The speaker stands in the woods, considering a fork in the road. Both ways are equally worn
and equally overlaid with un-trodden leaves. The speaker chooses one, telling himself that he
will take the other another day. Yet he knows it is unlikely that he will have the opportunity to
do so. And he admits that someday in the future he will recreate the scene with a slight twist:
He will claim that he took the less-travelled road.

Title: ironic, it anticipates regret and remorse. It is the main idea in the poem.

Form:

- 4 stanzas of five lines

- Dominance of the past tense


- Repetition of some words
- Rhythm: trochaic tetrameter
- End Rhyme: The rhyme scheme is abaab, cdccd, efeef, ghggh. It is a regular rhyming
scheme, different in every stanza. The rhymes are strict and masculine, with the
notable exception of the last line (we do not usually stress the -ence of difference).

Useful definitions:

- Rhyme scheme: is the abstract pattern of end-rhymes in a stanza usually notated with
lower case letters: the first line and all subsequent lines that rhyme with it are ‘a’, the
first line not to rhyme with ‘a’ and all subsequent lines that rhyme with it are ‘b’, and
so on.
- Masculine Rhyme: a single monosyllabic rhyme like thorn/scorn at the end of a line. It
is the commonest rhyme in English verse.
- Feminine rhyme: when words of two or more syllables rhyme it is known as feminine
or double rhyme
- Eg: Here lie I and my four daughters
- Killed by drinking Cheltenham waters.
- Had we but stuck to Epsom salts,
- We wouldn’t have been here in these vaults.
-

Theme: life choices

Frost’s concern in this poem is not as much to propose a solution to the dilemma or to advice
the readers to take the best road simply because that’s not possible given the fact that the two
roads as the poet describes them seem identical. What he seems more interested in is the
outcome of that initial life choice.

Imagery: paths: unpredictable future, ignorance of where each path will lead
Setting: “yellow wood” autumn season= midlife

Diction: - words are concrete

- Denotation: two paths: roads


- Connotation: two paths: hard decisions
- The Two Roads:
When he describes the two roads the speaker says that “the passing there / Had
worn them really about the same.” In fact, both roads “that morning lay / In leaves no
step had trodden black,” which means that neither of the roads is less travelled by.
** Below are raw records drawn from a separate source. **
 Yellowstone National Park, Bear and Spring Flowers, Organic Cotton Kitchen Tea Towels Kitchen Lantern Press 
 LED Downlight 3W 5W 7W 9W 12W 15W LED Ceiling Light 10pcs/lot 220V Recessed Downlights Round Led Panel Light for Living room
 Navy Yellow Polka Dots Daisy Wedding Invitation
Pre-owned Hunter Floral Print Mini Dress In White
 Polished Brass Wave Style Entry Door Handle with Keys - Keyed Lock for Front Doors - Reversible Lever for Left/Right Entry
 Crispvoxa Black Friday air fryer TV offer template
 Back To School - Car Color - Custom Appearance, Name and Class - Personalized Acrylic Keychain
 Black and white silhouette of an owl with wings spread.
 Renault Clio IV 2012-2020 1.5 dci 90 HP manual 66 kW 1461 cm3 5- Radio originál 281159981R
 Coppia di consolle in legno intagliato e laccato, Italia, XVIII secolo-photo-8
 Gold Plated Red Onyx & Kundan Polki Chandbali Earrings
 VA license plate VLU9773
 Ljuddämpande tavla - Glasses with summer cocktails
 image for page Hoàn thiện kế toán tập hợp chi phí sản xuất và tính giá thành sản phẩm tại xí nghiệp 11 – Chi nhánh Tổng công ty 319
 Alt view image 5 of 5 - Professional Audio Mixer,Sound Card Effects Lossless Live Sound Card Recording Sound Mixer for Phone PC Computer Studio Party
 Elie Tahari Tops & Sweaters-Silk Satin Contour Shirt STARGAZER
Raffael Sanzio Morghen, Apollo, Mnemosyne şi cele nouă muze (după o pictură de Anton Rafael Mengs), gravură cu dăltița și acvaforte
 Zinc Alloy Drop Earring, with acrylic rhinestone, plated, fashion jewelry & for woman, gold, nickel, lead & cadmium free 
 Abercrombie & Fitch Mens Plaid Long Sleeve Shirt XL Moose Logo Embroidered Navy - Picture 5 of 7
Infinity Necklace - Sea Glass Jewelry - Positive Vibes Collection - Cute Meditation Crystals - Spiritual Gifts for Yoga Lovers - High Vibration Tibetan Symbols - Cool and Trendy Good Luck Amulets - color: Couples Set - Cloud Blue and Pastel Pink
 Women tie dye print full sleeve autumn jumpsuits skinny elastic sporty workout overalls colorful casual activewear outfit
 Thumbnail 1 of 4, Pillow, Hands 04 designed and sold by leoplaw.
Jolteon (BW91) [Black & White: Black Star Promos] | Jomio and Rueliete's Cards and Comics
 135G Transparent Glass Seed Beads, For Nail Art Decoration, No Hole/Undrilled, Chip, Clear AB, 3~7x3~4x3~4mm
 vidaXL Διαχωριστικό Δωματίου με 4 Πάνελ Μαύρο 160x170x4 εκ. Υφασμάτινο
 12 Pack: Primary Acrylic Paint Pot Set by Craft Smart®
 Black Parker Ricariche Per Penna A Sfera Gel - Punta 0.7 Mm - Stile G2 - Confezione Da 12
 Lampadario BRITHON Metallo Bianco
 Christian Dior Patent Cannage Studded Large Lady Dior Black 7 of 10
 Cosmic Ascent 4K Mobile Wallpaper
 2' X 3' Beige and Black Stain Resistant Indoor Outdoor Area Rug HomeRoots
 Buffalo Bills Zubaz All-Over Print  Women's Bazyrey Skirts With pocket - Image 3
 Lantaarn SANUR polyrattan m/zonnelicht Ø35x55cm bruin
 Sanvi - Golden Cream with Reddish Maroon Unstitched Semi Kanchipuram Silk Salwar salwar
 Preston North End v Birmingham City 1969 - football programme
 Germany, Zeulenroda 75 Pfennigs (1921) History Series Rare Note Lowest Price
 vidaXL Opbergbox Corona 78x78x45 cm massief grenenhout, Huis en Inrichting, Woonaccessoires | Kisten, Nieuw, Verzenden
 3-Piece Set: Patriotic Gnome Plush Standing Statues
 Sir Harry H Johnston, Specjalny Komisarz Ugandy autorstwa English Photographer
A
statement that stands in direct contradiction with the poet’s claim in the last stanza that
he has chosen the road less travelled by.

Relationship between form and content:

The poem at hand displays a perfect marriage of form and content. The regular rhyming
scheme insures the unity of every stanza and creates a sense of movement and evolution in the
poem. Many of its sentences are highly aphoristic but wrought from simple diction. It is base
on the central well known metaphor of the fork in roads as a metaphor for the difficulty of
choice in human life. All this makes the poem appealing and easily memorised.